Despite the Bonds being issued by Gategroup Finance (Luxembourg) SA (the Issuer), the Gategroup Plan was proposed by a special purpose vehicle incorporated in England, Gategroup Guarantee Limited (the SPV). As initiating an insolvency procedure would constitute a default by the Issuer under the Bonds, the SPV was incorporated outside of the group, a solution that has been used regularly in Schemes. Gategroup also moved the centre of main interests (COMI) of the Issuer to England. Whilst this shift was somewhat artificial, the High Court endorsed the COMI shift given the lack of realistic alternatives for the group.
As the Bonds were governed by Swiss law and subject to the exclusive jurisdiction of the Swiss courts, the main question that fell before the High Court was whether the English courts had jurisdiction to sanction the Gategroup Plan on application of the Lugano Convention. Even though the UK left the European Union on 31 December 2020 and is no longer subject to the Lugano Convention (pending future accession), the Gategroup Plan was launched prior to such departure on 30 December 2020 and so the Lugano Convention continued to apply in this case.

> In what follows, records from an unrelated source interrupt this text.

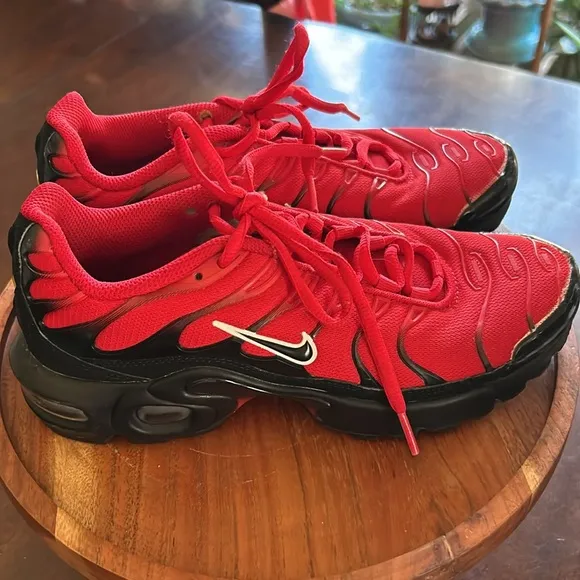 Nike Air Max TN Air Red &amp; Black Sneakers 5.5Y = Women’s 7 EUC Twice Worn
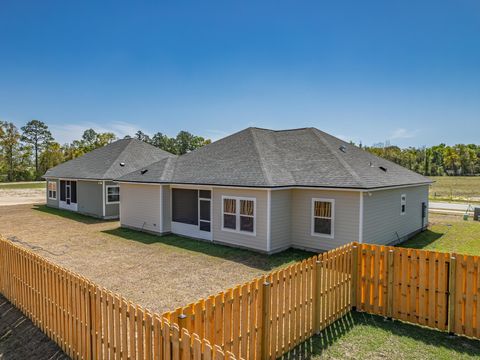 Tiny photo for 8 Divine Loop, Crawfordville, FL 32327 (MLS # 398099)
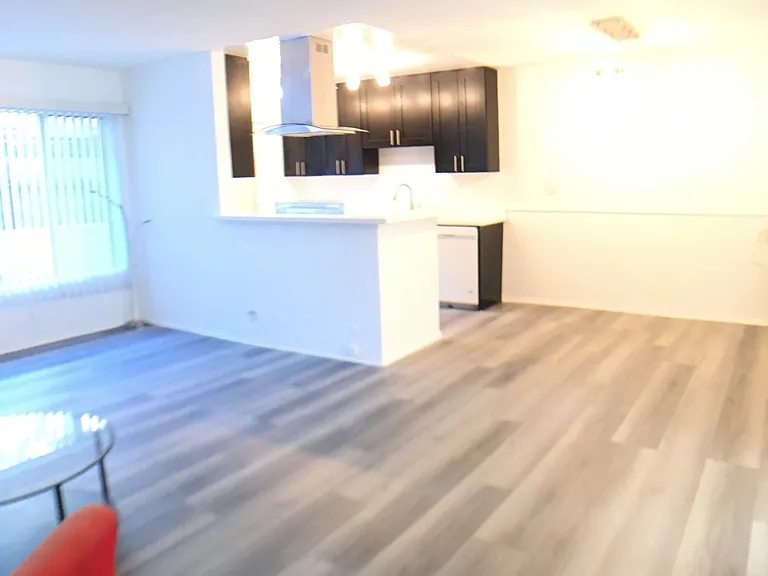 1323 N Fuller Ave #3 — Photo 8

In his judgment, Mr Justice Zacaroli considered whether Restructuring Plans are “civil and commercial matters” and thus within the scope of the Lugano Convention, or whether the Bankruptcy Exclusion applied. For context, if the High Court had determined that Restructuring Plans fall within the scope of the Lugano Convention, it likely would have been held that the proposed compromise or arrangement should be subject to the jurisdiction of the Swiss courts.

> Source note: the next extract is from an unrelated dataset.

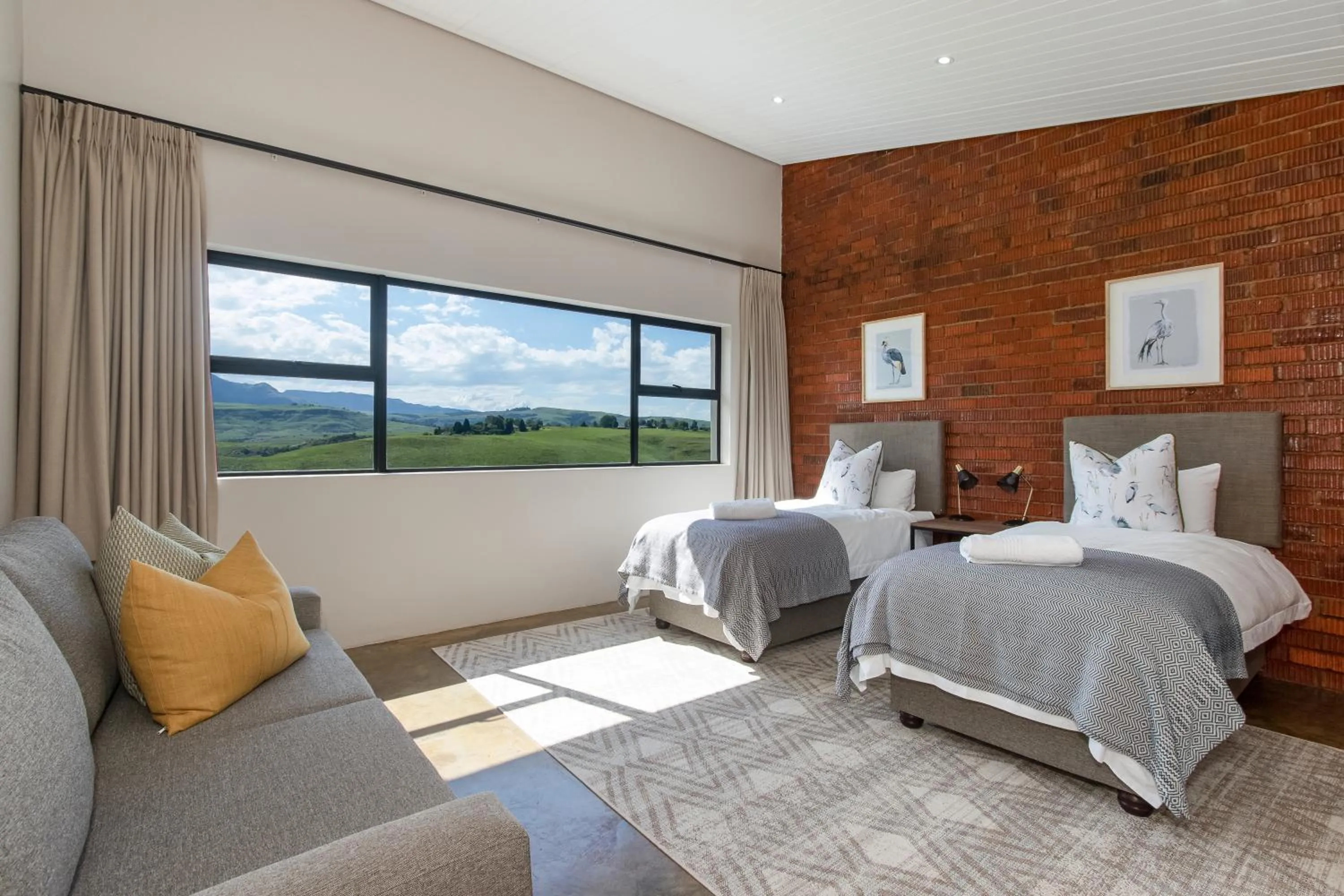 Bed in Dragonview Lodge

Mr Justice Zacaroli rejected the argument that because Schemes fall within the scope of the Lugano Convention, so too do Restructuring Plans. For example, in response to an argument advanced by a bondholder that the Restructuring Plan is materially indistinguishable from a Scheme, he cited the so-called “threshold conditions” for companies to utilise Restructuring Plans (as mentioned at the outset of this article): i.e. that (i) the company has encountered, or is likely to encounter, financial difficulties that are affecting, or will or may affect, its ability to carry on business; and (ii) a compromise or arrangement is proposed between the company and its creditors and/or members (or any class of them) to eliminate, reduce or prevent, or mitigate the effect of such financial difficulties (the Threshold Conditions). As previously stated, Schemes may be utilised irrespective of the financial condition of the company.

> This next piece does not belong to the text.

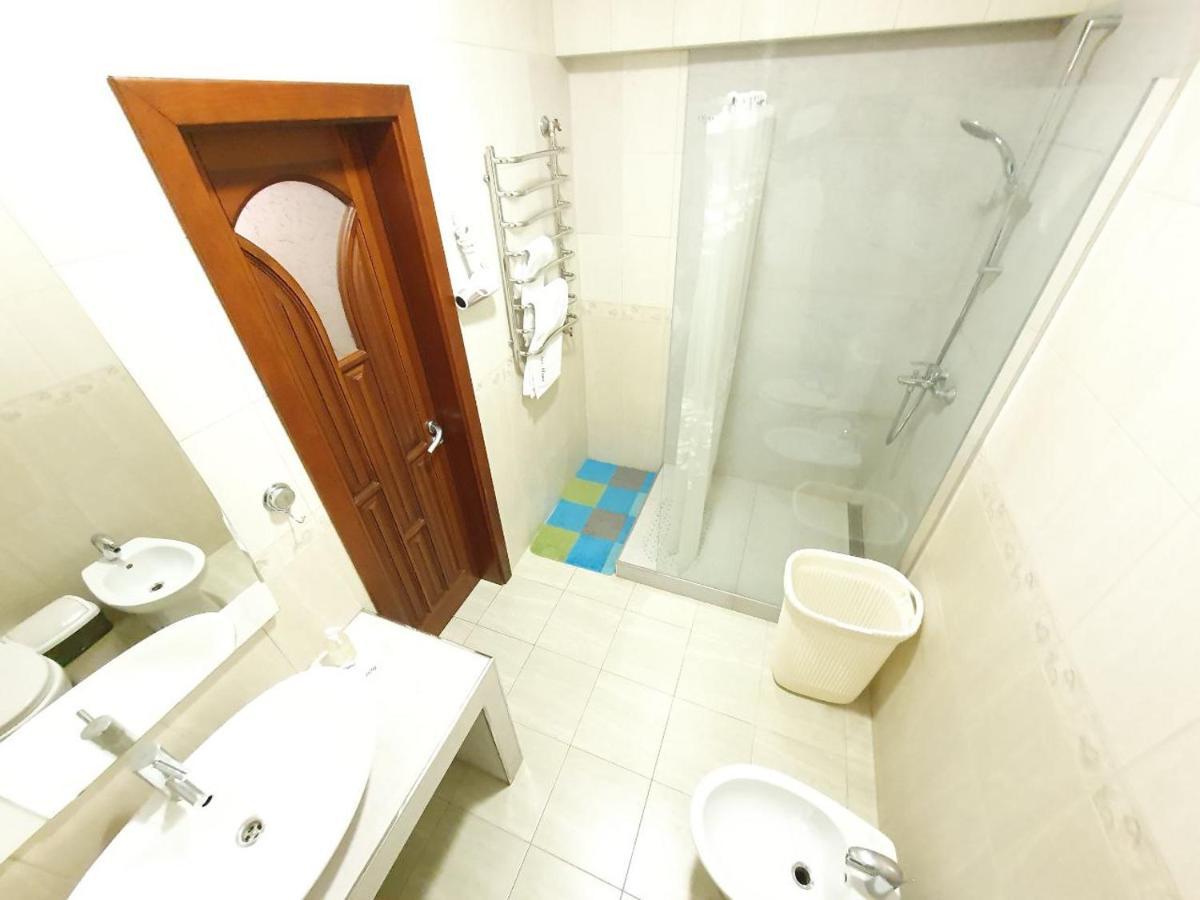 Inn Home Apartments - Kreshchatyk Area Kiev Esterno foto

In determining whether the Restructuring Plan falls within the Bankruptcy Exclusion of the Lugano Convention, Mr Justice Zacaroli gave consideration to the European dovetailing principle, which provides that there should be no gap or overlap between the Recast Brussels Regulation and the Recast Insolvency Regulation. Applying this, if the Restructuring Plan fell within the scope of the Recast Insolvency Regulation, it would satisfy the Bankruptcy Exclusion under the Recast Brussels Regulation (and by extension, the Lugano Convention) as there can be no gap or overlap between the two. Accordingly, the scope of the Recast Insolvency Regulation was cited and the elements set out as follows:
The proceedings must be collective proceedings (i.e. concerning all or a significant part of a debtor’s creditors);
They must be based on laws relating to insolvency and have as their purpose rescue, adjustment of debt, reorganisation or liquidation; and
They must encompass at least one of the following:
– the debtor is partially or totally divested of its assets;
-the assets and affairs of the debtor are subject to control or supervision by a court; or
– a temporary stay is imposed, by a court or by operation of law, on individual enforcement proceedings to enable negotiations to take place between the debtor and its creditors.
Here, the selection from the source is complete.